(LISTED ENTRIES)

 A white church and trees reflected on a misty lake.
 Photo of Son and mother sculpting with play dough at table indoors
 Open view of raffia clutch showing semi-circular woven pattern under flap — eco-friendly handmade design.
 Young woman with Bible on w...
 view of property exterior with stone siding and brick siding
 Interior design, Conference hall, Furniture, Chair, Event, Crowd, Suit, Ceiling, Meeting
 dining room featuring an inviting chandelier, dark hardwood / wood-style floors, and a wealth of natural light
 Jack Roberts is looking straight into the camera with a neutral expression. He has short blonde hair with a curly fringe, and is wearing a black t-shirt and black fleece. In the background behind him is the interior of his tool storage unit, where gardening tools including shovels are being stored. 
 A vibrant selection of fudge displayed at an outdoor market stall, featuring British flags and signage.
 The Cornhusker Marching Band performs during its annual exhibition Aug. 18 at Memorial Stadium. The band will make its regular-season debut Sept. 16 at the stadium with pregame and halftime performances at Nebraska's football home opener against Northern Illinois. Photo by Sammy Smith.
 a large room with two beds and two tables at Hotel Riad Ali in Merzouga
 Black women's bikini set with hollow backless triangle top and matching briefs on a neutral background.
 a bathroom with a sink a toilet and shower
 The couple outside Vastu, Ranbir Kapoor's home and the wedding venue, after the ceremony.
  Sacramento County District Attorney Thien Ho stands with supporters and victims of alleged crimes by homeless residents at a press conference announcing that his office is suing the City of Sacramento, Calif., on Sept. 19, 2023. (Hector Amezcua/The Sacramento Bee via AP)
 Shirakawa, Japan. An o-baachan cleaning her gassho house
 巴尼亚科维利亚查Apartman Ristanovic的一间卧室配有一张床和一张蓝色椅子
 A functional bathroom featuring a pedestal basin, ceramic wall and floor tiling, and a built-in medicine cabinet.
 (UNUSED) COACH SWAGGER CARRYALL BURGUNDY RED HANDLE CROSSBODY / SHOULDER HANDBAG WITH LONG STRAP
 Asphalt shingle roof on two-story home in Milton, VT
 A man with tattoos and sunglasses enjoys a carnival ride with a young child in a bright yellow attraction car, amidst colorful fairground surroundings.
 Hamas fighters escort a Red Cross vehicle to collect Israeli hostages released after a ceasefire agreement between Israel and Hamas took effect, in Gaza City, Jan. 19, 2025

(End LISTED ENTRIES)

▶ [PROBLEM TO SOLVE]
The first line of the entries above and every line after it, up to and including the line with "view of property", should be set down exactly.

▶ [ANSWER SECTION]
 A white church and trees reflected on a misty lake.
 Photo of Son and mother sculpting with play dough at table indoors
 Open view of raffia clutch showing semi-circular woven pattern under flap — eco-friendly handmade design.
 Young woman with Bible on w...
 view of property exterior with stone siding and brick siding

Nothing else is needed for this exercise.